Du côté des suppléments, l’éditeur nous gâte, avec tout d’abord une présentation du film par Jean-François Rauger (19 minutes). On a déjà régulièrement eu l’occasion d’écouter le directeur de la programmation de la Cinémathèque Française sur d’autres titres édités par Le Chat qui fume, et comme toujours, son intervention s’avère tout à fait pertinente et intéressante. Il replacera Folie meurtrière dans l’histoire du Giallo et dans la carrière de Tonino Valerii, et évoquera la thématique principale, à savoir la forte charge anti-bourgeois. Il reviendra bien sûr également sur la musique, les acteurs, les conditions de tournage ainsi que les caractéristiques esthétiques essentielles du film. A ce sujet, il reviendra notamment à plusieurs reprises sur la notion de « sédimentation » des meurtres, présentée comme une des composantes essentielles du Giallo. Si vous nous permettez un court aparté personnel, en trente ans d’amour immodéré pour le bis transalpin, c’est bien la première fois que j’entendais ce terme. Non sans une certaine honte, j’avoue avoir été vérifier dans le dico, afin d’être sûr de comprendre là où il voulait en venir. Et figurez-vous que même après avoir lu la définition du mot sédimentation, je ne suis pas réellement sûr d’avoir saisi, même si je suppute que Jean-François Rauger l’utilise ici comme un synonyme d’accumulation.

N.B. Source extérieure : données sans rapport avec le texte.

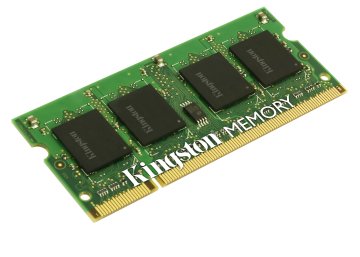 Kingston Technology System Specific Memory 2GB DDR2-667 memoria 1 x 2 GB 667 MHz
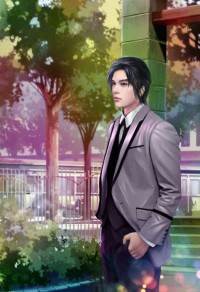 眾星守護者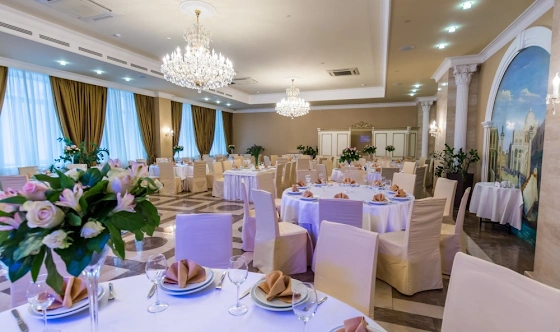 Фото №7 зала Банкетный зал 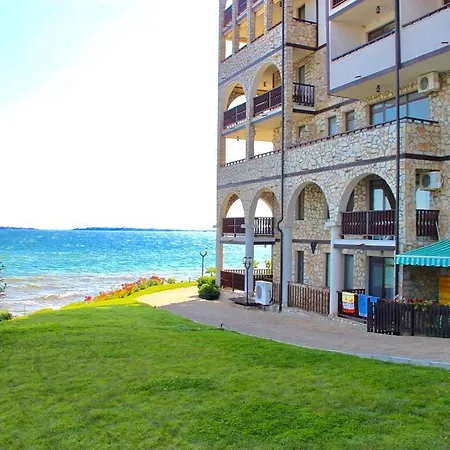 Appartement Etara 1 Sveti Vlas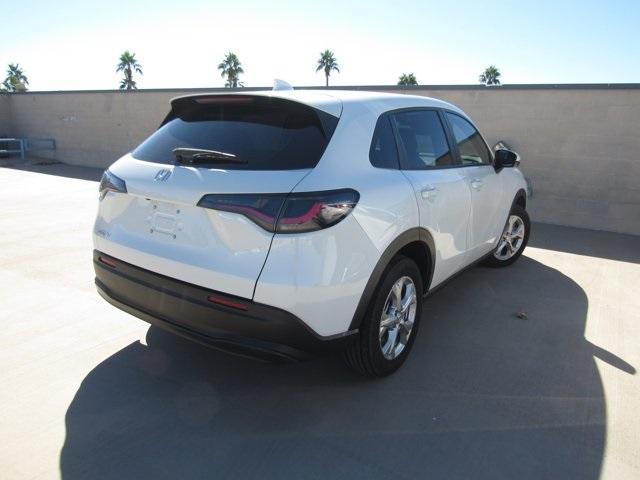 used 2023 Honda HR-V car, priced at $21,861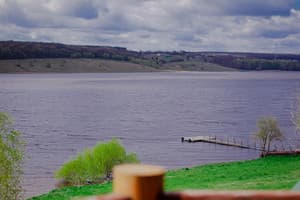 Домик в деревне 14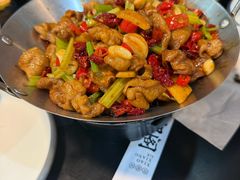 -潇湘阁(望京SOHO店)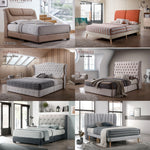 Load image into Gallery viewer, Fernlee Divan Premium Bed Frame Premium Bed Frame by Dunepine, Dubai UAE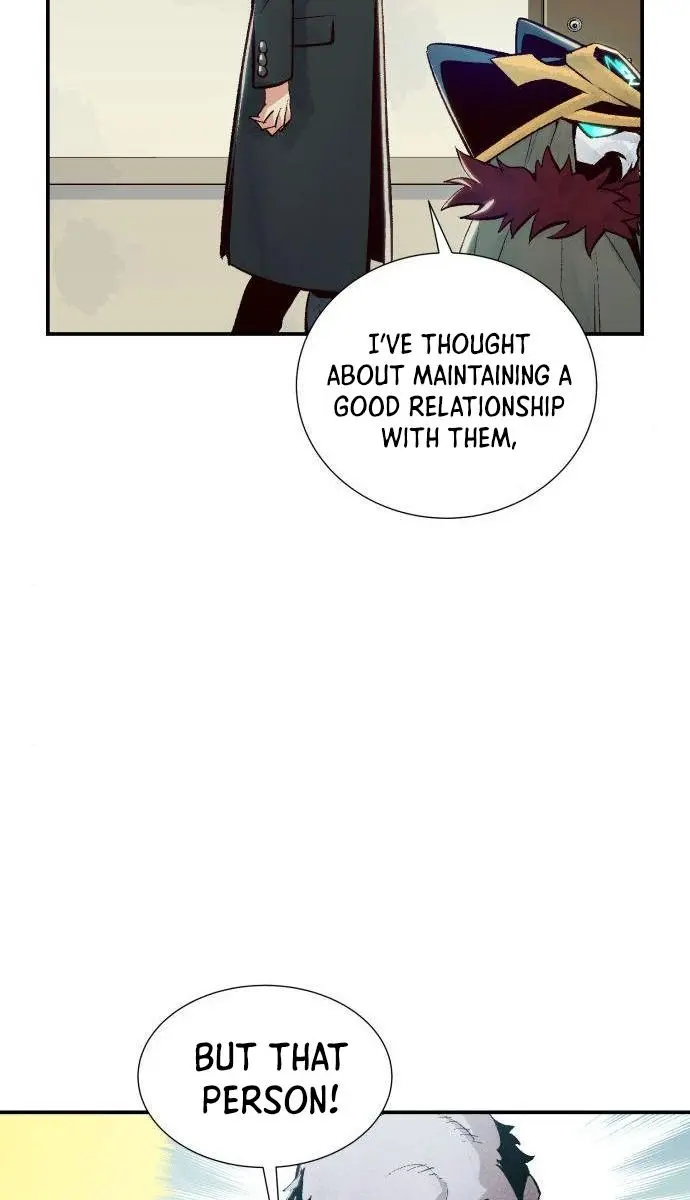 The Lone Necromancer Chapter 38 Page 31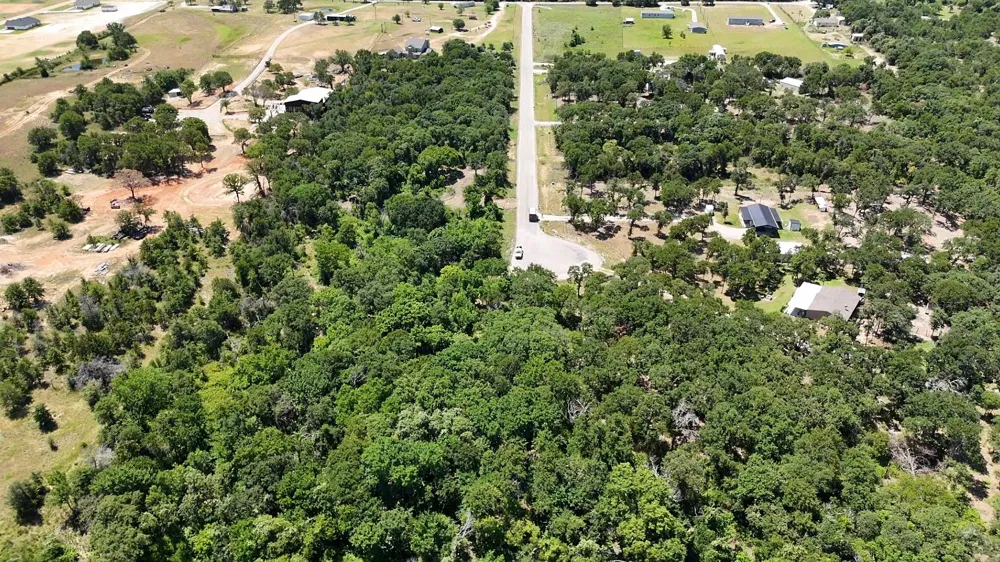 1029 Ironwood Way Poolville, TX 76487
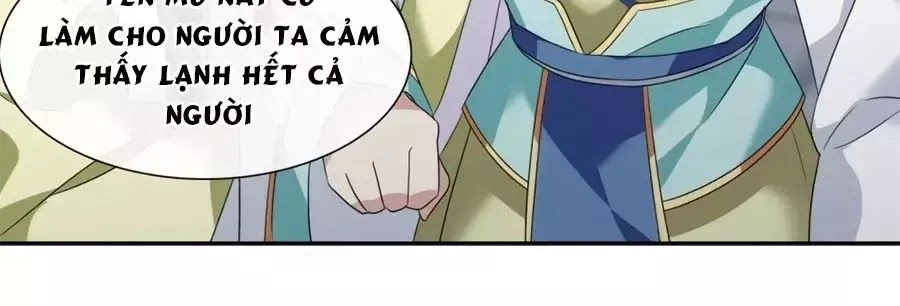 Toàn Cơ Từ Chapter 53.1 - 16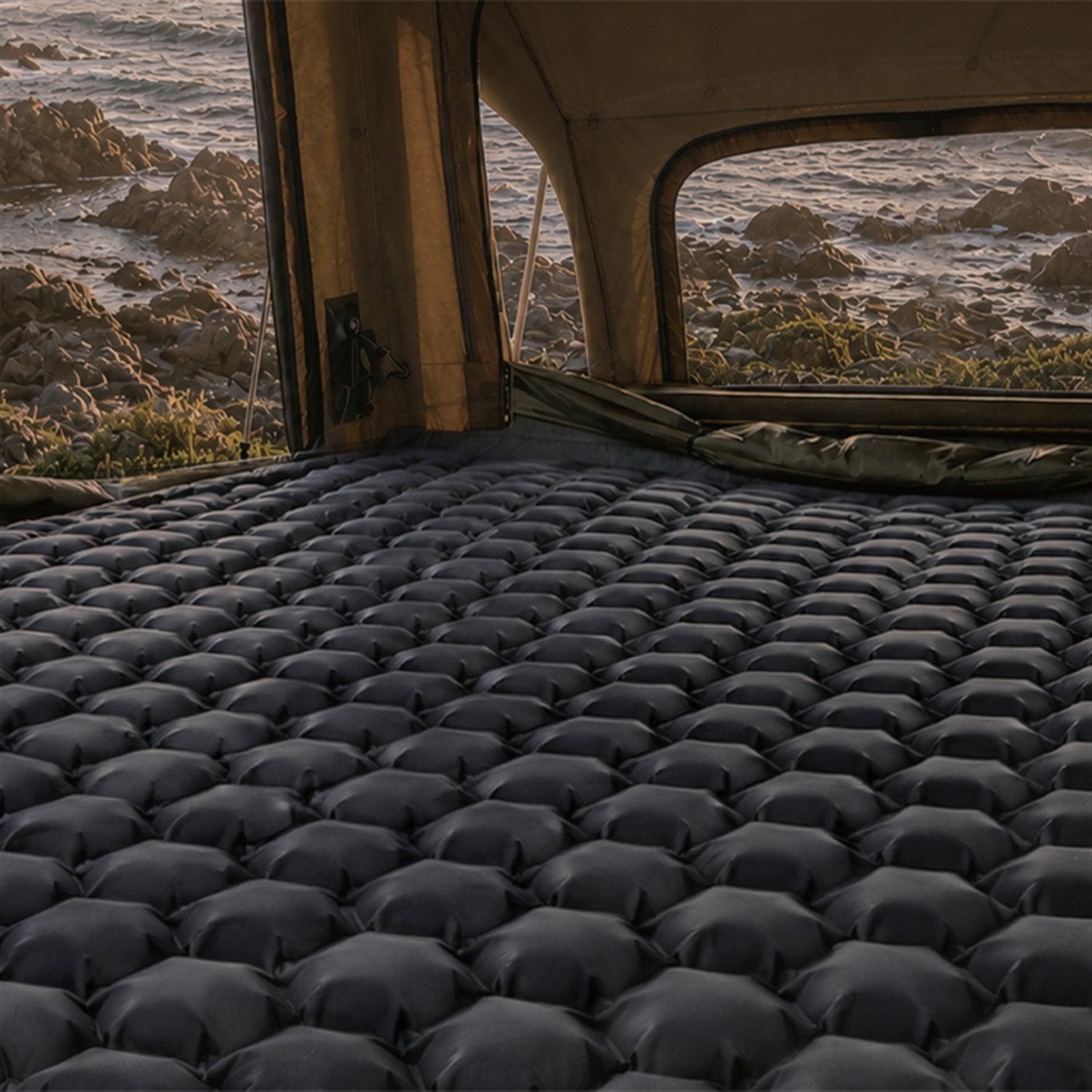 Wild Land Ultralight Air Mattress 130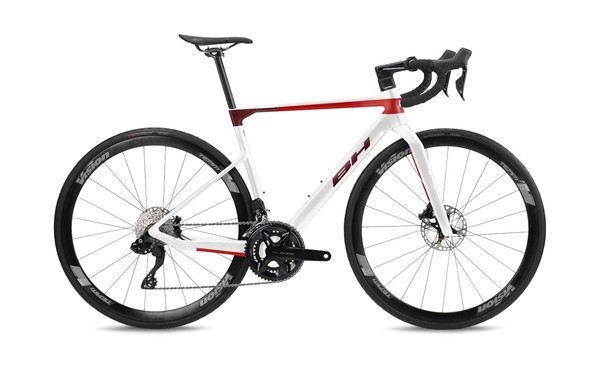 Bicicleta de Carretera superligera BH BIKES Ultralight 8.0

On terminera le tour des suppléments avec un entretien avec le scénariste Roberto Leoni (45 minutes). Les possesseurs de l’édition Neo Publishing se diront probablement que cette dernière est la même que celle qui était disponible sur le DVD de 2007 : monumentale erreur ! Il s’agit en effet d’une toute nouvelle interview, qui complétera d’ailleurs plutôt bien celle que l’on connaît déjà. Le scénariste / assistant réalisateur reviendra donc ici sur son amour du giallo, qui vient selon lui probablement du fait qu’il ait passé son enfance dans le quartier romain du Trastevere, sur la rive droite du Tibre, qu’il décrit comme un quartier « difficile », et qui lui a permis de voir au-delà des apparences. Il évoquera quelques-uns de ses auteurs de prédilection dans le genre « mystère », de Wilkie Collins à Cornell Woolrich en passant, bien sûr, par Agatha Christie, puis bifurquera vers Folie meurtrière, en nous expliquant son rapport à l’innocence, triomphant de l’obscurité. Il se remémorera sa rencontre et son travail avec le producteur Manolo Bolognini et le réalisateur Tonino Valerii, évoquera les modifications apportées à son script afin de coller aux lieux et à un casting essentiellement espagnol, survolera le casting, et terminera en évoquant l’accueil du film par le public et la critique, citant à ce sujet une anecdote musclée ayant rapport avec un critique italien qui l’accusait d’avoir recyclé au cinéma l’affaire de la disparition de Milena Sutter, même si paradoxalement celle-ci s’était produite bien après le tournage de Folie meurtrière.